The team built the sensor from the bottom up, starting from a porous alumina support. The team grew individual single-walled carbon nanotubes in the tiny pores of the support, and as these grew they extended out of the pores and formed a loosely interlaced network of nanotubes on the support’s surface.

’Each nanotube tends to have a few defects along its length and when we electrodeposit palladium out of solution - in an electroplating-like process - the metal ions come down and find those defect sites on the nanotubes and form little clusters of metal,’ explains Fisher. ’We can control the process so we form small cubes rather than clumps of metal by having a moderate rate of metal deposition.’

Biocompatible gold is then electroplated on top of the palladium coating. Finally a linker ligand is coupled to the nanocubes, followed by the glucose oxidase enzyme - an enzyme that couples to D-glucose.

The detector behaves in a standard way, measuring the glucose concentration based on the electrocatalytic detection of hydrogen peroxide produced when glucose binds to the glucose oxidase. What stands this apart from what has come before is that ’the end the sensor itself is flexibly tethered to the support as apposed to being immobilised on a surface,’ explains Fisher. ’This means it can actually probe around the medium where you want to sense a target species.’ As the sensor can move short distances into the medium being analysed and is somewhat mobile it has increased sensitivity and gives a faster response, he adds.

In terms of sensitivity, it is ’significantly better’ than the commercially available sensors, says Fisher.

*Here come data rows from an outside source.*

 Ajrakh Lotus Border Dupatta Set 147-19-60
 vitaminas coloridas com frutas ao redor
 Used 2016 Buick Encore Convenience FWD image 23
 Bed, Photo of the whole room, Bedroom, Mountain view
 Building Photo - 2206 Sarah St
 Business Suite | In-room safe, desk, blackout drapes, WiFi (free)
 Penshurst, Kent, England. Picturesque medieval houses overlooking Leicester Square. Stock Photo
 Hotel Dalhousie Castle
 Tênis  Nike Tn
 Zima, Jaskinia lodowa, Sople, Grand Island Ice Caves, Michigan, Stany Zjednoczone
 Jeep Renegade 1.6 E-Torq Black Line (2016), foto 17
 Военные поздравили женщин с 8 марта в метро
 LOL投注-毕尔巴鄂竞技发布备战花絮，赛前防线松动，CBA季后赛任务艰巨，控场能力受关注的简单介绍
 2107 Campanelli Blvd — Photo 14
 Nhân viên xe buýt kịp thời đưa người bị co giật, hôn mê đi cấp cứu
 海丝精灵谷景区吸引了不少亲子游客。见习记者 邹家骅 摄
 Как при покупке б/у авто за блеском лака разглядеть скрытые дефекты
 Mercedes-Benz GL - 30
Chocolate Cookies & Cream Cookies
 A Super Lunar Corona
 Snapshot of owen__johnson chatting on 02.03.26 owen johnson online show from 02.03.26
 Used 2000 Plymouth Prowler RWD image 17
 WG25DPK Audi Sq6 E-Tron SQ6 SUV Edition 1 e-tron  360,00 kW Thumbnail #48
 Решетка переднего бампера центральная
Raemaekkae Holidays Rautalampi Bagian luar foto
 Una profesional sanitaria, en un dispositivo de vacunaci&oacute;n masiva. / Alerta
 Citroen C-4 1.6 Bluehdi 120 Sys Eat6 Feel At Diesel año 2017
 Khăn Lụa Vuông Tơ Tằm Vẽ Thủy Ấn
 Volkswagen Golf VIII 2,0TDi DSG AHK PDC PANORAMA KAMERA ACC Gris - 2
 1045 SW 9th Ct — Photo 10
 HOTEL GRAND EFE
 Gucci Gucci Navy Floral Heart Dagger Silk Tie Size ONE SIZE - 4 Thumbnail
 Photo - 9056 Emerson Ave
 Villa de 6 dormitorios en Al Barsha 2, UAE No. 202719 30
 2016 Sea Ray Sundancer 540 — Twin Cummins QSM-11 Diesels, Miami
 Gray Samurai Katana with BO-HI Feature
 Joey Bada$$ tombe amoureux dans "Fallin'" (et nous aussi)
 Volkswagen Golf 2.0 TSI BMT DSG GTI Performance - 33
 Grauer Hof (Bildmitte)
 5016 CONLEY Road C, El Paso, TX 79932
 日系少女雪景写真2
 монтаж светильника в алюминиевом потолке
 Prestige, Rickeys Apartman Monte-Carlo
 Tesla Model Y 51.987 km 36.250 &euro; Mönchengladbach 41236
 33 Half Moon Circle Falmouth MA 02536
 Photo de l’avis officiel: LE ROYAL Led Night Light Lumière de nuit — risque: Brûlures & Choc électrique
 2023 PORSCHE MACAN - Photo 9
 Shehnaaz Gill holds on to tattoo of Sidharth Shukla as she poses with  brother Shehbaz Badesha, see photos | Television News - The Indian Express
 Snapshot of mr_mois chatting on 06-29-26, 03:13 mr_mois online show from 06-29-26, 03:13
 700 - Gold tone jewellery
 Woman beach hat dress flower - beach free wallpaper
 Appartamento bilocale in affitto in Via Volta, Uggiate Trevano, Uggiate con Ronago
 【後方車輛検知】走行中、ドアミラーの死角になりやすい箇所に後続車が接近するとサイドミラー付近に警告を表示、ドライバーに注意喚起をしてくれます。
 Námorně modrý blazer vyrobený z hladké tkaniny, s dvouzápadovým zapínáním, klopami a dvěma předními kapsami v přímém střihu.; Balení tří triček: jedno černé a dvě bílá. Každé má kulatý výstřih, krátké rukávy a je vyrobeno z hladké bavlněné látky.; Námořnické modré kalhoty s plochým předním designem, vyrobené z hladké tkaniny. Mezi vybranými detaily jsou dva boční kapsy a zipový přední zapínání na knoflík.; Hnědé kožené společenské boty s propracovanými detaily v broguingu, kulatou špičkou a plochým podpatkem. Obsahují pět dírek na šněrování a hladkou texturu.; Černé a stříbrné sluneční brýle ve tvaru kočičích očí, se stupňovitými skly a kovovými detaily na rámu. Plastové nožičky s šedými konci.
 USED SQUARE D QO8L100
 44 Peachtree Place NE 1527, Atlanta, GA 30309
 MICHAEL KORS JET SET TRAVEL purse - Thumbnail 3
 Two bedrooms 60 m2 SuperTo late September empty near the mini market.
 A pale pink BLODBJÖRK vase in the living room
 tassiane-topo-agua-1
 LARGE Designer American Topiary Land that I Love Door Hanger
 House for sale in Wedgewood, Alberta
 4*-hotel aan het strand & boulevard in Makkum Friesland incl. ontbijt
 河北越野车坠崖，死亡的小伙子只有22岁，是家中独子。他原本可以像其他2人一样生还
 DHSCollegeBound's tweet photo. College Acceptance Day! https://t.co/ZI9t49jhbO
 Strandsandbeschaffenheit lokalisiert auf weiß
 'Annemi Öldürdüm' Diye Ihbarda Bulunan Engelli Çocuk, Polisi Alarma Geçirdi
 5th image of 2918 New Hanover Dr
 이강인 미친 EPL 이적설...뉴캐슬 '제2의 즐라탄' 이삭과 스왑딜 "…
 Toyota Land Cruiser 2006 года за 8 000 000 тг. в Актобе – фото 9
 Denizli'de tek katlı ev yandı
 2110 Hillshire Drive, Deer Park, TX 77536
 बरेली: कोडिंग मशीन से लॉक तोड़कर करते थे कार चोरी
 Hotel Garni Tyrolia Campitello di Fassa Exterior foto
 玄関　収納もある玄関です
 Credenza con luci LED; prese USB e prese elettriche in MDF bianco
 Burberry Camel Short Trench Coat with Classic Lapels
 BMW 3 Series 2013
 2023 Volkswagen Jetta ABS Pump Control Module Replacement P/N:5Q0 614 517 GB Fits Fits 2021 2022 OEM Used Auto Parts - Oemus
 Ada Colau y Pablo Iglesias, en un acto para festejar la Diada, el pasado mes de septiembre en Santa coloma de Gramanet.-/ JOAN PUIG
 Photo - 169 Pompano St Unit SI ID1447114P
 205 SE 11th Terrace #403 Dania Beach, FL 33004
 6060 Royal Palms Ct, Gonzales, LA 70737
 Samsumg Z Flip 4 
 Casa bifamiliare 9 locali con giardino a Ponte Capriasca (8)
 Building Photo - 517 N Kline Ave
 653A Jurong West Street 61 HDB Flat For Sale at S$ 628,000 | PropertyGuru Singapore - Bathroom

But he did add that ’typical glucose sensing is for diabetes and one does not need an ultrahigh sensitivity most of the time’. This point is also echoed by Michael Strano, from the Massachusetts Institute of Technology, Cambridge, US, who says that increasing the sensitivity is ’not the scientific and engineering challenge in this field as glucose is present in blood at very high concentrations. The challenges are making such sensors biocompatible and long lived in vivo, a subject not addressed in this work.’

Looking to the future, Fisher says he may try to commercialise this sensor - but having proved the concept, he is also keen to explore the device for a wide range of other sensing systems, such as cancer and Alzheimer’s, by simply changing the enzyme attached to the nanocube.